As the only aircraft that meets all of our mandatory requirements, we know that the F-35 would indeed win that competition. Therefore, the only effect of going through the motions of holding a competition, the result of which we already know, would be the purchase of the F-35 at a cost of nearly a billion extra taxpayer dollars.

The F-35 was chosen after years of rigorous analysis done by experts in Canada and eight other countries confirming the soundness of our decision to purchase the F-35. Let us add Israel to that list of countries. It does not mess around when it buys military equipment.

With substantial savings to be realized by buying our aircraft directly through the joint strike fighter MOU and through economies of scale, and with the full suite of lucrative industrial participation plans in place to keep Canadian companies and their tens of thousands of employees on the cutting edge of the aerospace industry for decades to come, the government's F-35 decision minimizes the risks inherent in all military procurements while maximizing best value for Canadian taxpayers, economic opportunities for Canadian industry, and operational capability for our men and women in uniform.

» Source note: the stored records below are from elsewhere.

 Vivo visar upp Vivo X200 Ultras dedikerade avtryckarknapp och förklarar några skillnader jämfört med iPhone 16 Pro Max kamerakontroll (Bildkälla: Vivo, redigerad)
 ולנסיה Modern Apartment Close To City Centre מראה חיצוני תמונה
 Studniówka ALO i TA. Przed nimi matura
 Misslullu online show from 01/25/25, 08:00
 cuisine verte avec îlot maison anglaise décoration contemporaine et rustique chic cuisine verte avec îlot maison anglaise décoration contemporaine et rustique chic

This money is not borrowed. It will not start to be spent until about 2015 or 2016 and will be spread over 20 years, and it is all part of the Canada first defence strategy. It is all programmed, not borrowed. That is simply false and my colleague--

6:50 p.m.


The Deputy Speaker Andrew Scheer

Order, please. The hon. member for Richmond Hill.

6:50 p.m.


Bryon Wilfert Richmond Hill, ON

Mr. Speaker, my colleague would suggest that what I said was nonsense. Is it nonsense to follow procurement policies as outlined very clearly in the Treasury Board guidelines, which I had quoted another time to my hon. friend? Is it nonsense to want to save the taxpayer money? Is it nonsense in an ongoing recession to be looking at a situation where we are not getting the best value?

My colleague has not been able to produce one document showing why this is in fact the best airplane to go with.

It is not nonsense to say we should have a competition, because that is the cornerstone of what governments do in this country. They would look for the best aircraft in this case, not sole-sourced competition.

Again, we have not seen what led the government to this particular decision. It says, “Just trust us. Don't worry.” I do worry for the taxpayer. I do worry for the forces. Again, if he says that the F-35 is the only fifth generation aircraft, then it is the only one. However, there are others on the market of a different generation that we may want to look at.

6:50 p.m.


Laurie Hawn Edmonton Centre, AB

Mr. Speaker, I will tell the member what is nonsense. It is nonsense to pretend that someone is doing something for altruistic reasons to get the men and women of the Canadian Forces the equipment they need at the best price for Canadian taxpayers and the best value for Canadian industry. It is absolute nonsense to do that for purely partisan political reasons and to mislead the Canadian public on when money has been spent and what work has gone into determining that this is the correct answer.

The member has heard from members of the Canadian Forces and the Department of National Defence. They have laid out all the evidence that says why this airplane is the only one that will meet the requirements. Liberals just do not want to hear it because it does not fit their political agenda.

Anybody who comes before the committee of course will say that he or she has an airplane that will meet the requirements. That is why we have had people looking at this for almost the last 10 years, as have 9 other countries, including Israel. They have all come to the same conclusion that it is the F-35. That is not a coincidence. These people are motivated simply by the requirement to get the best equipment and the best value for Canada, for our men and women in uniform and for Canadian taxpayers. That is what they have done, and the member should pay attention.

6:55 p.m.


The Deputy Speaker Andrew Scheer

The motion to adjourn the House is now deemed to have been adopted. Accordingly the House stands adjourned until tomorrow at 10 a.m. pursuant to Standing Order 24(1).